9 dic 2015

GIUBILEO di cosa dobbiamo gioire?



Tra gli ebrei con il corno d’ariete, lo jobel, si attirava jobil ossia la gente, proclamando jobal che è l’indulgenza. Sembra un gioco eppure da queste tre parole nasce il nostro “giubileo”, che in latino fu tradotto con la parola “giubilo”, un sentimento di gioia incontenibile. Quando di cinquanta in cinquant'anni la tradizione del popolo d’Israele metteva a riposo la terra, restituiva i terreni confiscati ai legittimi proprietari e liberava gli schiavi, gioco forza si viveva un’annata straordinaria. Non c’inventiamo nulla di nuovo, in questa lunga catena di anelli saldati che è la vita terrena degli esseri umani. Il tema dell’odierno giubileo è la “misericordia”, benedetta sia, perché noi uomini e donne per quanto ci sforziamo, troviamo assai ardua la pratica della compassione. La generosità è difficile conseguirla nelle famiglie, tra gli amici; l’individualismo si è impossessato di noi, tanto da renderci degli schiavi anaffettivi. Molti sperano ardentemente nella compassione e pietà di Dio per le proprie miserie morali, però rimane umanamente impossibile per la maggioranza dei bipedi provare tale sentimento per il prossimo. Prima d’immergerci nella cerimonia viene bene domandarsi se hanno ancora senso i X Comandamenti. Nell'attuale società siamo avvolti da pubblicità miranti a portarci nel regno della fantasia, diventa complicato distinguere la realtà. E’ tutto extra corporeo, scendiamo nel mondo reale solo quando c’imbattiamo in una malattia o nella morte, per questo non si accetta la natura delle “cose”e allora gridiamo contro la sfortuna, o contro Dio. Ripercorriamo con spirito libero, alieno da ipocrisie, i precetti donati da Dio a Mosè, se siamo laici osserviamo quanto il seguirli semplificherebbe il vivere civile.

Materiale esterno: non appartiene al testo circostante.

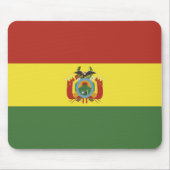 Bolivien-Flagge Mousepad (Vorne)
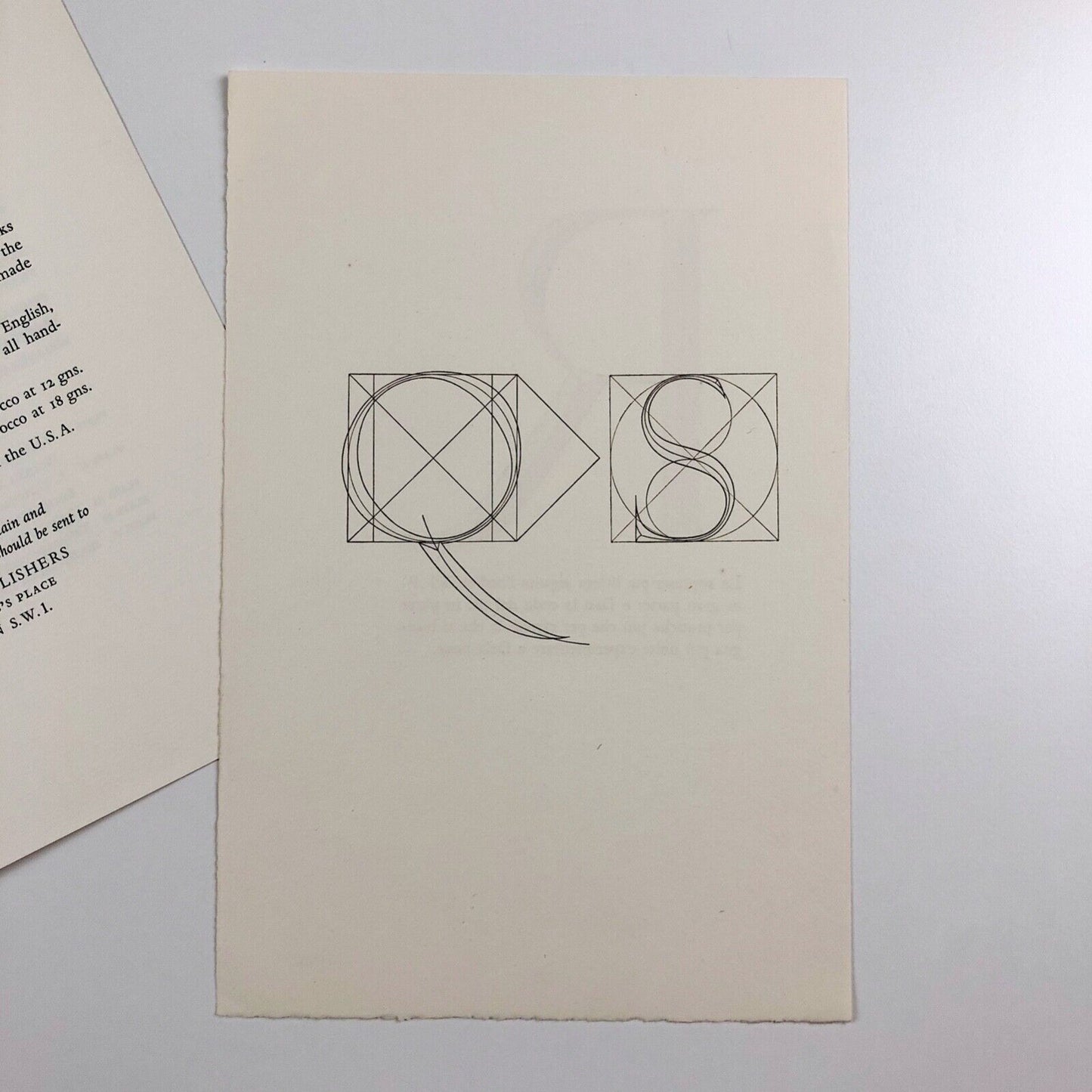 Prospectus for Alphabetum Romanum Felice Feliciano| G. Mardersteig Officina Bodoni, c. 1960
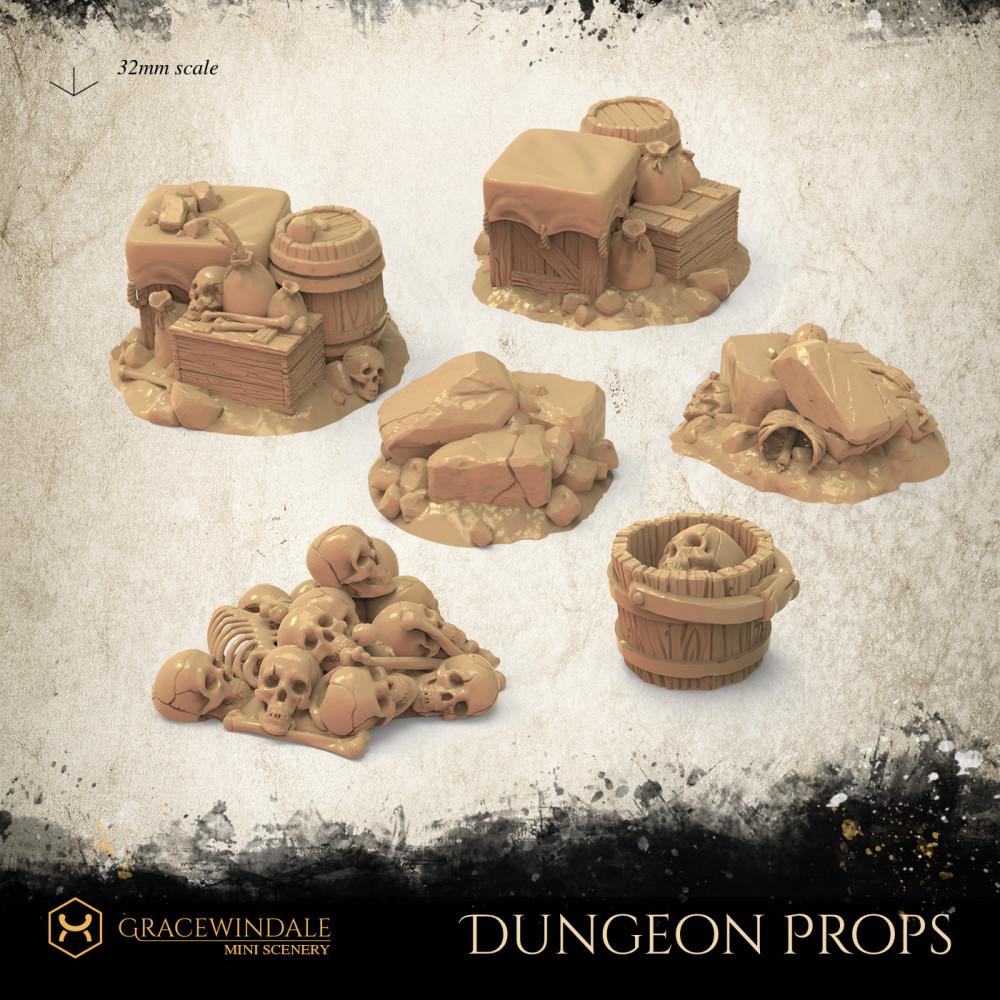Dungeon Props 3d model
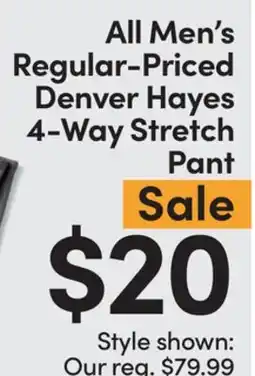 Mark's 4-Way Stretch Pant offer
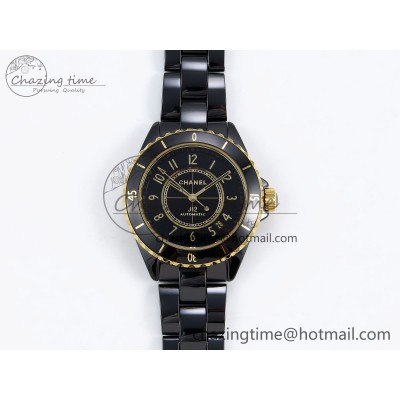 [BV공장]샤넬 J13 38mm YG Black Ceramic Black Dial on Bracelet A12.1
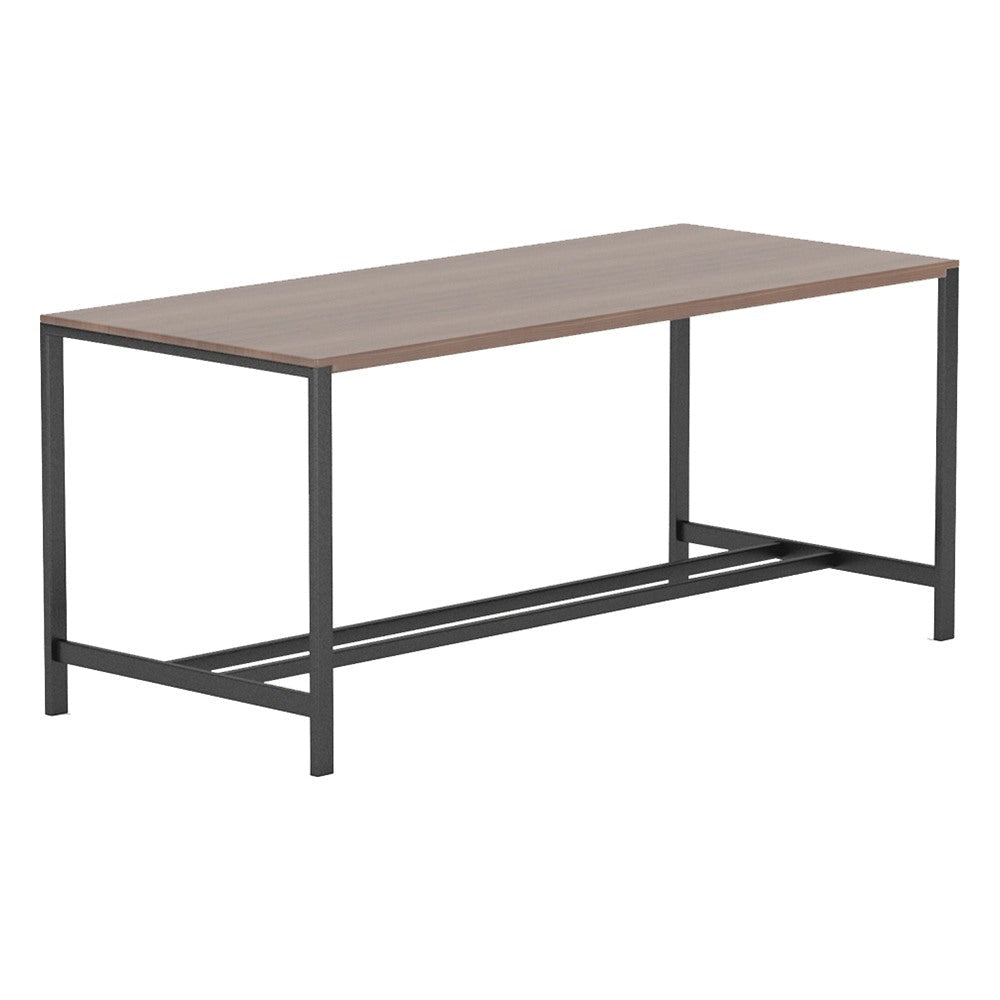 Mesa Comunal para Sala de Espera - GEBESA GRC BRADY - Frente 150 cm - Alto 90 cm - Base de Acero - GGRY530306036 - GEBESA - NOGAL BEAT - Mesa Comercial Interior
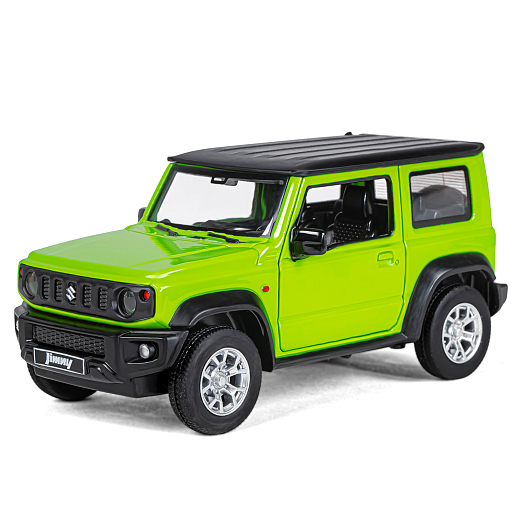 ТМ "Автопанорама" Машинка металл.1:26 Suzuki Jimny, зеленый, инерция, свет, звук, откр. двери и капот, в/к 17,5*13,5*9 см в Джамбо Тойз #2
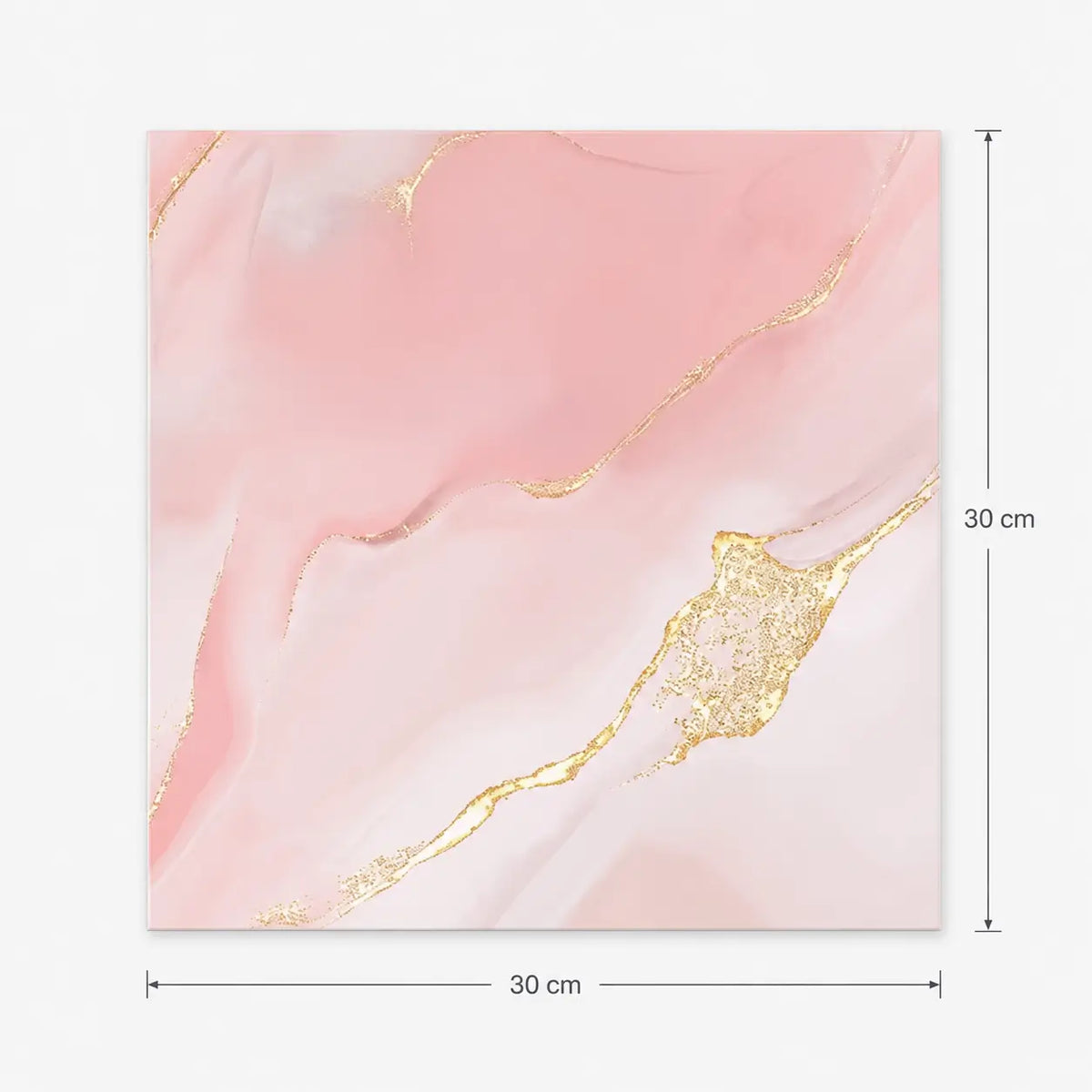 Minéra – Carrelage mural adhésif effet marbre rose doré – détail ou mise en situation, vue 5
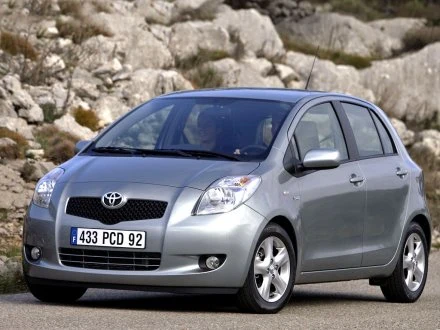 9. Toyota yaris - skradziono 292 egzemplarze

D’altra parte bisognava pure iniziare a regolare la vita tra gli umani diventati numerosi. È tanto difficile da comprendere? Per domare la belva dentro ognuno di noi è gioco forza sobbarcarsi una legge; religiosa o civile non sarebbe importante. La nostra sopravvivenza dipende dal senso della misura che purtroppo non è innato. La religione dovrebbe rendere più dolce l’accettazione perché regala una speranza oltre la morte, mitiga la sofferenza della non conoscenza e delle eterne domande.  “Non avrai altro Dio fuori di me”, “Non nominare il nome di Dio invano”, “Ricordati di santificare le feste”, “Onora il padre e la madre”, “Non uccidere”; “Non commettere atti impuri”; “Non rubare”, “Non dire falsa testimonianza”, “Non desiderare la donna d’altri”, “Non desiderare la roba d’altri”. Non ricordano solo l’amore per Dio. Estrapolando per laici e no: - sono linee guide per un vivere in armonia, è il tentativo di normalizzare l’istinto umano, promotore di discordia e abomini. Certo, molte devono essere adeguate ai tempi moderni.